> _Records_:

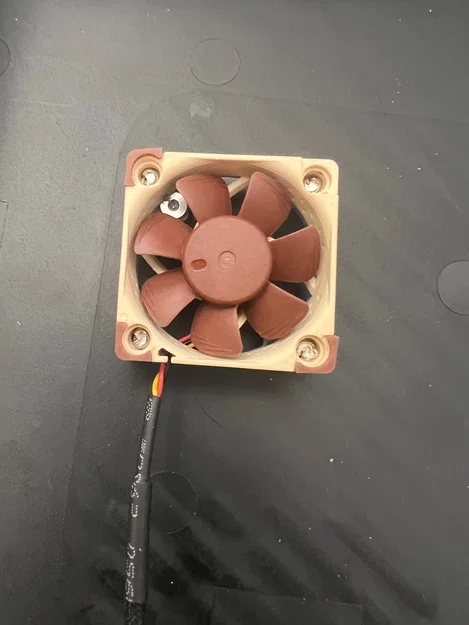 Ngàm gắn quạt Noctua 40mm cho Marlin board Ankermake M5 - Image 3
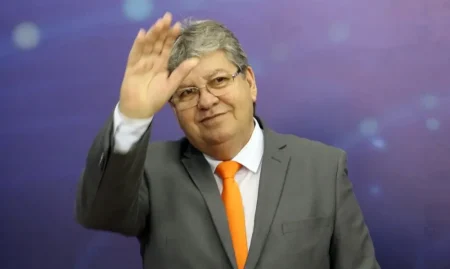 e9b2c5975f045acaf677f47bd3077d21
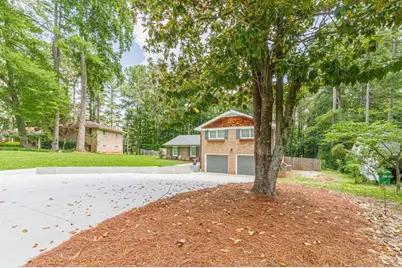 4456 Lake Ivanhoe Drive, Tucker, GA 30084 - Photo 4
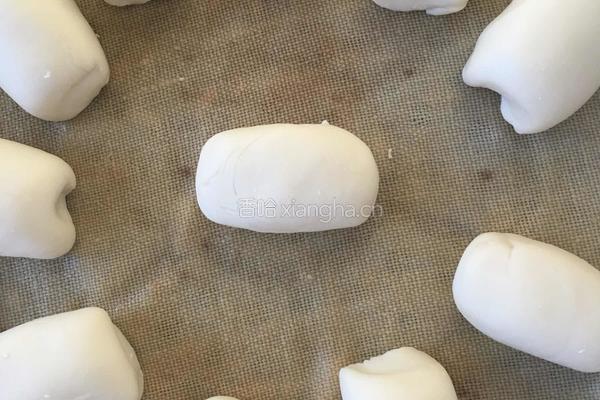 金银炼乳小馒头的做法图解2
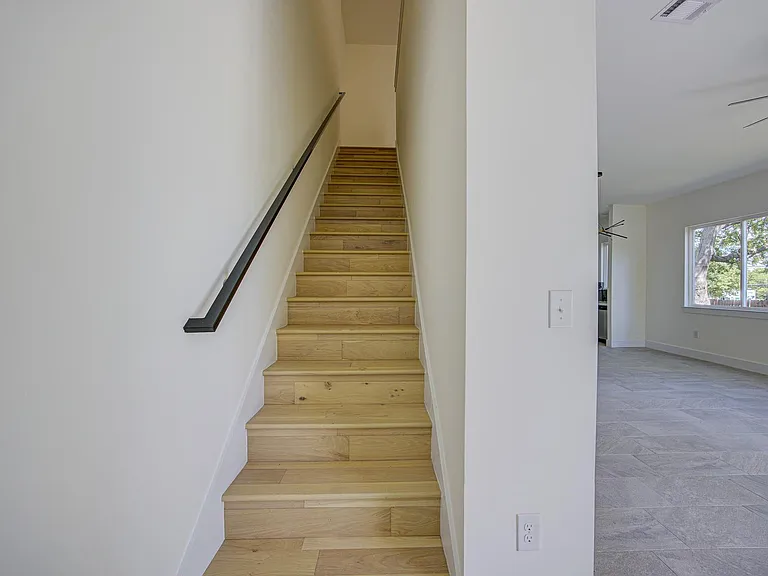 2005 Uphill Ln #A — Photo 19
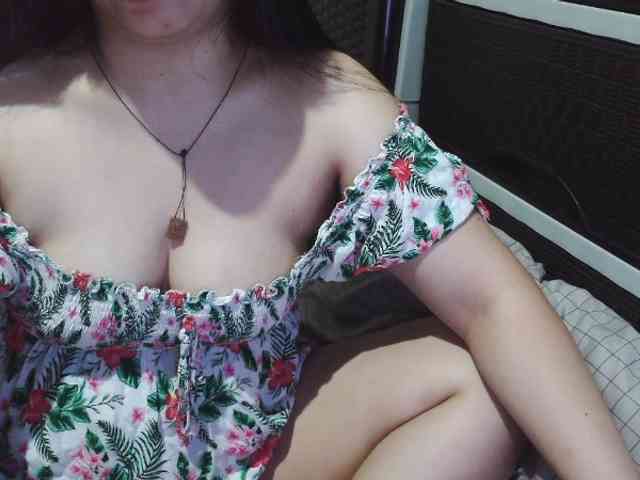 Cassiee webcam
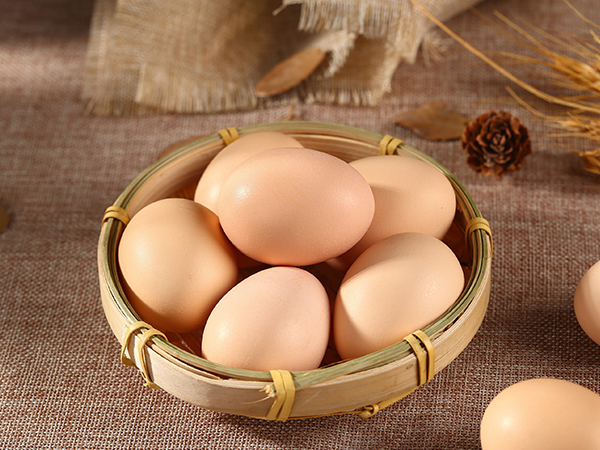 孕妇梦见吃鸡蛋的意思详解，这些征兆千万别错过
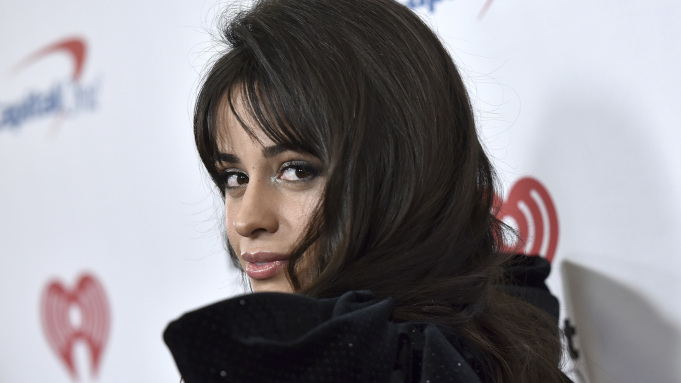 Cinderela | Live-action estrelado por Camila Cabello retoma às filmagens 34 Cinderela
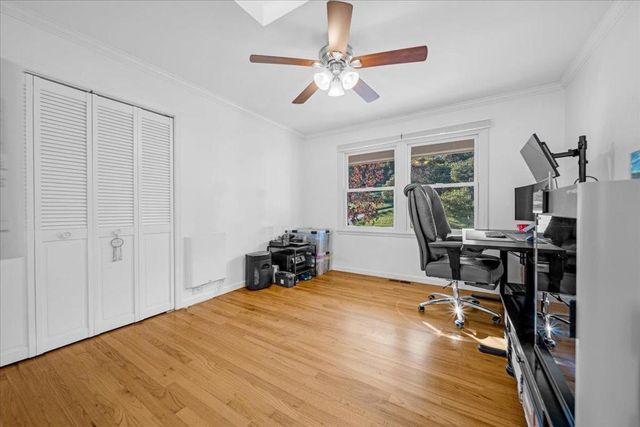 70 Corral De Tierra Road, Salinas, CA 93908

* * *

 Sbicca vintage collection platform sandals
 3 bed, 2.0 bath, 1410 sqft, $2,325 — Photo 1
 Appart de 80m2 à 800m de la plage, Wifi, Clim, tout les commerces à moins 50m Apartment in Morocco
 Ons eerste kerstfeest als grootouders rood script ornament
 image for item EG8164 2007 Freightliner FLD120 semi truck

> _Work to complete_: Take the stretch of lines above from the one containing "Ons eerste kerstfeest" through the one containing "image for item" and repeat it exactly, adding no other line.

> _Result for this task_:
 Ons eerste kerstfeest als grootouders rood script ornament
 image for item EG8164 2007 Freightliner FLD120 semi truck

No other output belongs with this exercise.